Le Mozambique a décrété un moratoire sur les acquisitions foncières. Madagascar, indique Perrine Burnod, chercheuse au Cirad (Centre de coopération internationale en recherche agronomique pour le développement) et détachée auprès de l’Observation du foncier de la Grande-ile, affiche la volonté d’être plus exigeante vis-à-vis des investisseurs en leur imposant notamment un passage devant un comité interministériel de sélection. Des outils de régulation sont également en création au niveau international : des « principes pour des investissements agricoles responsables » ont été définis en 2009 par la Banque mondiale, la Cnuced (Conférence des Nations Unies sur le commerce et le développement) et la FAO. En mars 2012, un consensus a été trouvé sur les « Directives volontaires pour améliorer la gouvernance des régimes fonciers applicables aux terres, pêches et forêts », texte élaboré sous l’égide de la FAO avec la participation des différentes parties prenantes : Etats, secteur privé, ONG, organisations onusiennes…

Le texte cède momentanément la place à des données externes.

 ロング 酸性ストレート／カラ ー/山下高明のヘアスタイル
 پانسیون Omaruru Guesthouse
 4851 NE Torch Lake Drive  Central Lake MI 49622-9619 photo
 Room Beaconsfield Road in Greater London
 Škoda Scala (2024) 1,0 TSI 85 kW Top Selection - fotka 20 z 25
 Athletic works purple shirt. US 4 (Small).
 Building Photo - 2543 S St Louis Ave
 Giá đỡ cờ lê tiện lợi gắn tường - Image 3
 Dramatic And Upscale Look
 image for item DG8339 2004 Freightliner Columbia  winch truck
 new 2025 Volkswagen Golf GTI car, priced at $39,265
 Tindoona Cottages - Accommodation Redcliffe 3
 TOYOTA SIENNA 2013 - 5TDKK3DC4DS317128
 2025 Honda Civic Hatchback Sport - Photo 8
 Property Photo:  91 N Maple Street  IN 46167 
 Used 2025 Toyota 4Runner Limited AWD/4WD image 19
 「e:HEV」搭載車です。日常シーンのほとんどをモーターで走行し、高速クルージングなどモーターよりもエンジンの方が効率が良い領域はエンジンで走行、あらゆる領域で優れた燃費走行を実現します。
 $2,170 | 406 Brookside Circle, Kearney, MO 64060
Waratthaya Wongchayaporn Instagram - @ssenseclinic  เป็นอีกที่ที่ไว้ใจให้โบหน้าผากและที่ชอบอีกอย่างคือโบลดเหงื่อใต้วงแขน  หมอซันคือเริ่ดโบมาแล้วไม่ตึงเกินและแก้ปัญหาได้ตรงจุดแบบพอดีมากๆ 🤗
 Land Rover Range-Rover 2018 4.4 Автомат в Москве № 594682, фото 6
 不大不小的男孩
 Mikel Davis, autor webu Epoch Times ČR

Dès 1992, Edward Luttwak professait l’avènement d’une ère dite « géoéconomique ». celle-ci est marquée par la constance des affrontements entre nations pour la conquête des marchés en forte croissance et la maîtrise des technologies critiques. Aujourd’hui se développe une sorte d’agriculture financière avec des acteurs économiques hautement capitalistiques présents sur les marchés des matières premières. Face à cette réalité mondiale, l’Afrique, à notre avis doit hisser le drapeau du patriotisme alimentaire en externalisant la mission de sécurité des approvisionnements alimentaires. Le développement d’une agriculture de firme régalienne peut se faire et reposer sur des accords avec des partenaires. En 2008, le Qatar a signé avec le Cambodge un protocole pour disposer de terres lui permettant de s’assurer une production de riz destinée à ses propres marchés. Il ne faut pas que l’Afrique oublie de nourrir ses enfants en cherchant à remplir les caisses des États. De plus, quand on observe les deux pays africains les plus touchés par l’accaparement des terres arables en Afrique noire, on constate que les deux premiers qui sont le Liberia (67% des terres cultivables aux mains de groupes étrangers) et la Sierra Leone (15%) sont importateurs de riz.
Les pays africains doivent s’inspirer de cette phrase tirée du manifeste de l’ANC, « aucune démocratie politique ne peut survivre et prospérer si la majorité de notre population demeure pauvre, privée de terres et dépourvue de raisons concrètes d’espérer en un avenir meilleur ».